Some kid in my class just puked in his backpack, zipped up the backpack, put the backpack on and walked out the door.
That's the first time you've ever said the L word without referring to drinking or partying.
Apparently I whispered "Jesus was here" and bailed out of the moving taxi.
I know I'm not the first to fuck in a park but i deserve props for doing it at 3pm. On a sunny day might I add.
We'll wreck the fuck out of my furniture. How often does one really get the chance to fuck through a table with no negative consequences?
Someone left their drag queen on my couch.

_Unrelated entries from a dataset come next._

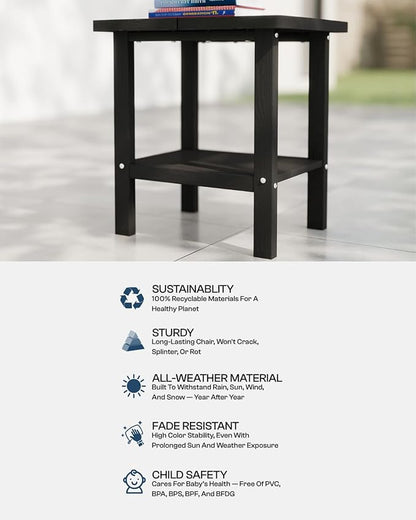 Kingdura Adirondack Outdoor Side Table, 16 x 13 Inches HDPE Plastic Outside End Tables for Patio Pool Porch Backyard Indoor, 2 Tiers Storage Shelf, All Weather Resistant, Easy Maintenance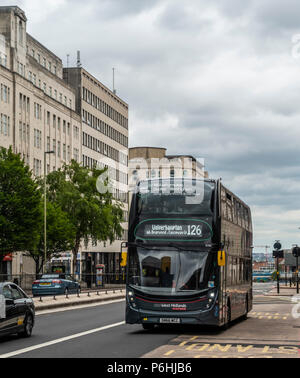 126 to Wolverhampton double decker ( 6780 - Marjorie) West Midlands bus in Queensgate, Birmingham City Centre, England, UK Stock Photo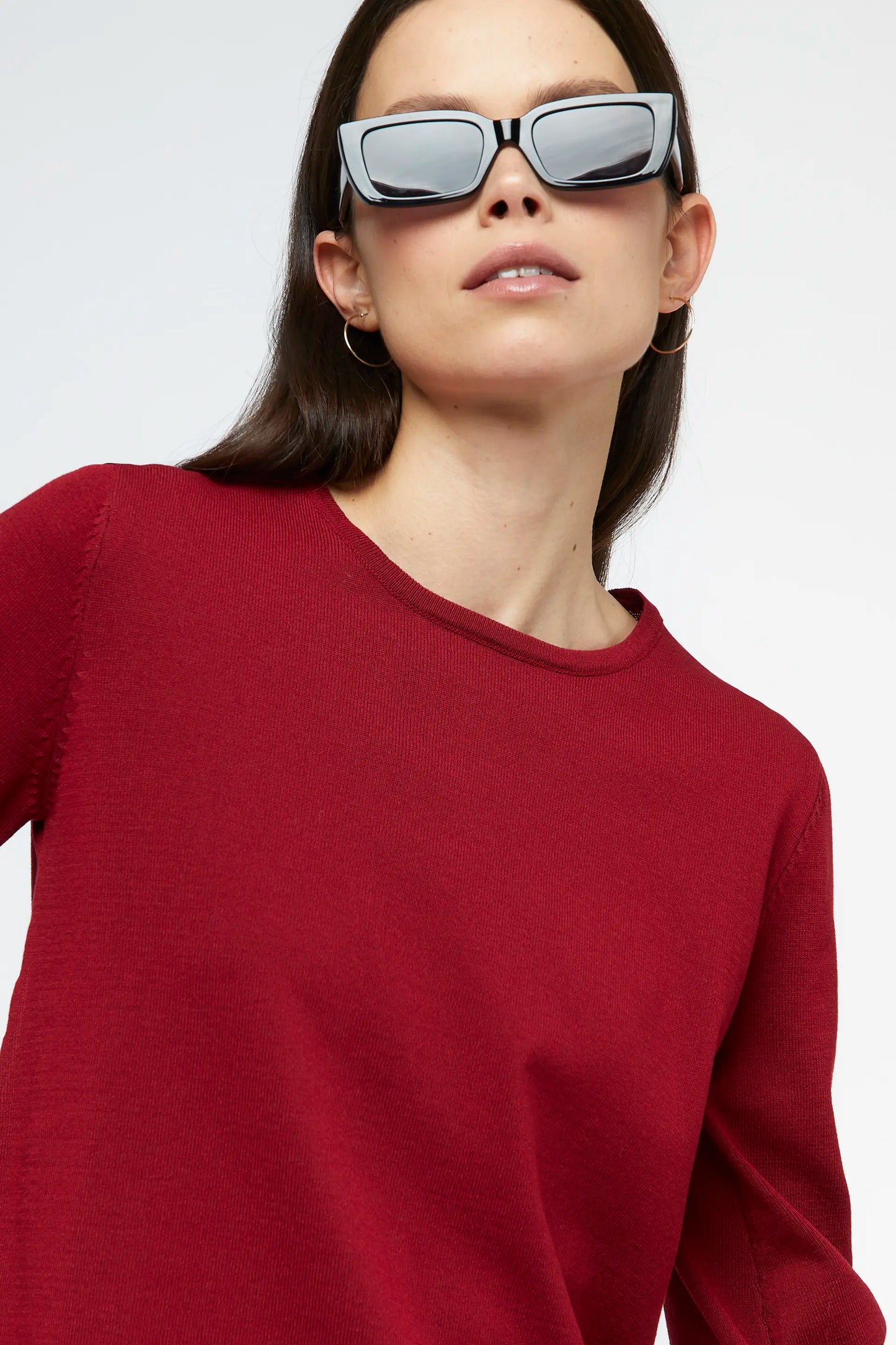 Asymmetric red knit sweater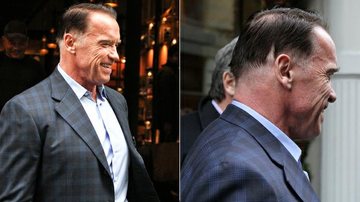 Ator Arnold Schwarzenegger surge com novo corte de cabelo em Nova York, Estados Unidos - The Grosby Group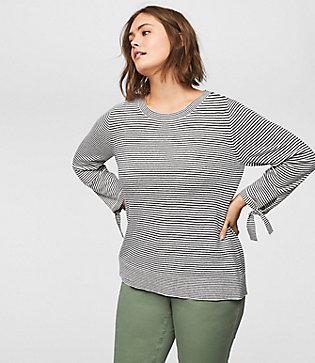 Loft Plus Striped Tie Cuff Sweater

On the plus side, he sure does know how to make a mean cup of coffee.
Found a piece of twizzler in my buttcrack.
Apparently I've told this bouncer I stalk him on Instagram 3 times. I should stop drinking. I only remeber saying it tonight. early sign of Alzheimer's
You told her you double majored in Geology and Telekinesis. When has that line ever worked for you?
Wait. We seriously played strip beer pong at the bar last night. Who said I never came up with good ideas
the best part is that i get to keep the pot plants and he still has my name tattooed on his ass
sober me thinks like you do. drunk me needs sober me's advice. am i allowed to go to his house?
This drink tastes like mosquito repellent.
I quit doing blow for him. If that doesn’t say “I’m in love with you and want to marry you” idk what does
I forgot that I'm high because of how high I am.